Here are their far-flung responses.

Colin O’Brady, the first explorer to cross Antarctica solo and unaided

“The South Pole’s Polar Plateau is endlessly blank – just this stark and empty white. There’s something about being a speck in the middle of it, standing in Antarctica with 24-hour sunlight and looking out on the endless white and ice and snow. That cold, harsh reality is magical.”

Throughout his Antarctic journey, Colin O’Brady used Earthmate (and, of course, Camera).

His essential app: Every day of his journey, O’Brady used Earthmate – the companion app to the inReach satellite communicator.

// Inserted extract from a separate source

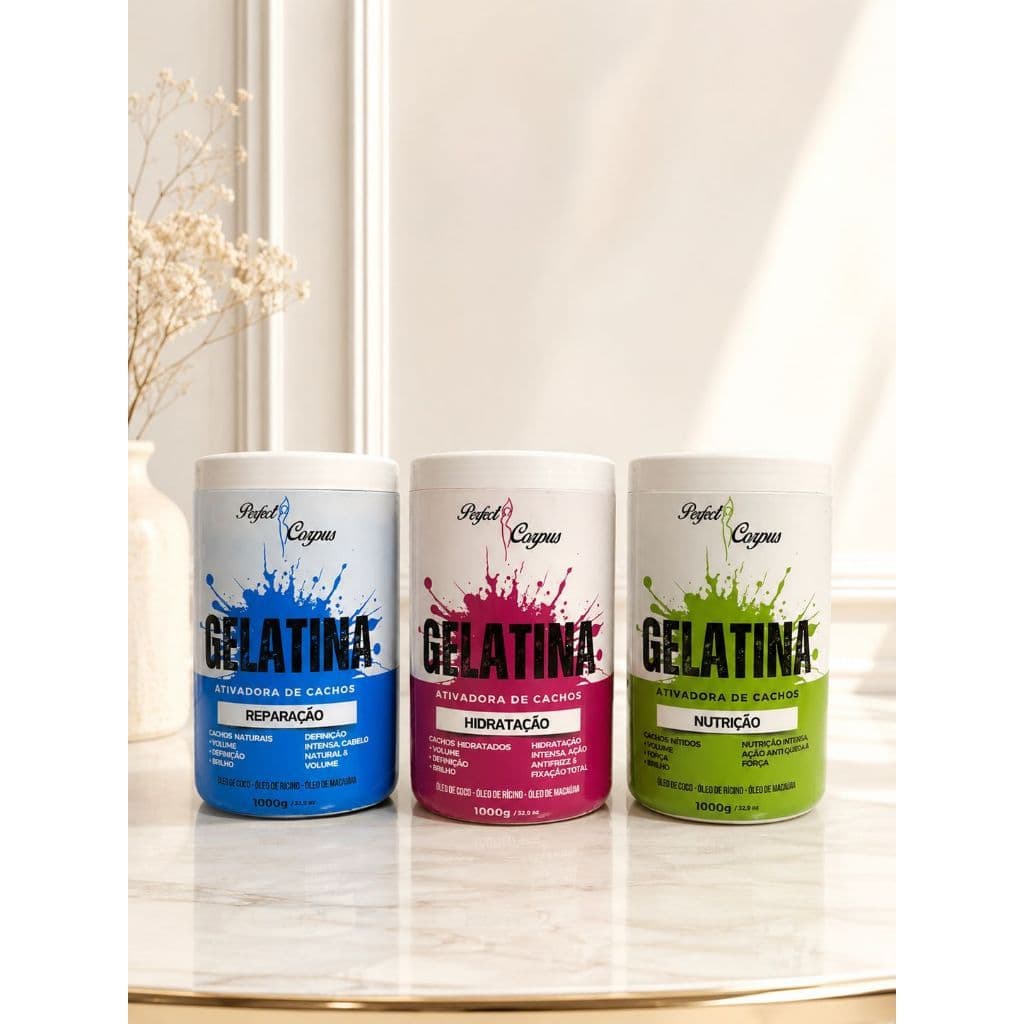 KIT 3 GELATINAS Ativadora de Cachos nutrição, hidratação e reparação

It was key for staying in touch. “I was able to send short texts to my family and friends, and it would update my location every 10 minutes,” he says. “Every night, I’d get inside my tent, boil my snow into water, and text my wife that I was safe and sound.”

Amy Marquis, co-director of National Park Experience, a series of 10 short films

“Right after graduating from journalism school, I got a grant to participate in the Sea Turtle Research Unit’s volunteer programme, which took me to Redang Island in Malaysia and a beach called Chagar Hutang. There’s no development on that part of the island, and it’s probably a 300-metre shoreline. We’d sleep on this white-sand beach at night and take shifts as the turtles would come up to lay eggs.”

Redang Island in Malaysia is not a bad place to do a little research.

Her essential app: As a film-maker, Marquis thinks a lot about lighting – and uses Sun Seeker to help. “We’ll find the spot where we want to shoot,” she says, “then pull up Sun Seeker to see what direction the light will be hitting the landscape, how the natural light will fall in a room, or when the best light will happen. It’s a great way to start composing the shot before we ever lift the camera.”

Teresa Baker, founder of the African American Nature and Parks Experience and the Outdoor CEO Diversity Pledge, an initiative to advance representation for people of colour in the outdoors industry

“A few years back, I heard talk about a stretch of highway called Avenue of the Giants lined with huge redwoods. After a four-hour drive, I pulled off the road just around Weott, California, and stood among redwoods that seemed to touch the clouds. A sense of serenity took over – nothing but me, the trees and time. The Rockefeller Grove, in particular, has become my refuge from all the noise that comes from city living. I now refer to this place as my think tank.”

The Rockefeller Grove in California can make you feel pretty small.

Her essential app: Throughout her travels, she uses The Outbound, which helps travellers find adventures and lodging, and US Public Lands, which maps all federally owned land in the country.

Randy Bresnik, crew commander of the International Space Station and astronaut who has spent 150 days in space

“If you do a search for #OneWorldManyViews, you’ll see a project I did while I was commander of the International Space Station. It’s 80 photographs of my favourite places on Earth that I found and photographed from space. “Take a peek at those 80 places and you’ll see why it’s hard to pick just one. But Bora Bora is very, very special to me due to its intrinsic beauty. The simplicity of it, the beauty of it – on the ground, underwater and from space.”

Bora Bora looks amazing on the ground – but it’s even more beautiful from space.

His essential app: When looking to catch a glimpse of the spacecraft he once called home, Bresnik turns to ISS Spotter. “It tells you what direction to point – and what the inclination is – to watch the International Space Station go overhead at 17,500 miles per hour.”

Dana Romanoff, director of Noah and other documentaries on culture and the environment

“My favourite place on Earth brings me back home to the Adirondack Mountains in upstate New York, in the town of Indian Lake. At a very young age, I had a backpack on and would go horseback riding, or on canoe trips, or on these weeklong backpacks to the 46 peaks – in which there are 46 mountains above 4,000 feet. You wake and go to bed with the sun, the rivers become your water source, your backpack becomes a home you live out of. I always loved feeling like I was almost lost in the woods.”

Photographer Dana Romanoff captured these incredible images while on holiday in upstate New York.

Her essential app: “If I’m going backcountry, I use Powder Project, a map that lists routes and tells you the elevation and avalanche risk.” But Romanoff’s iPhone is loaded with apps for all seasons: “I was just surfing in Costa Rica and I used Surfline, which tells you about ocean conditions and high tides.”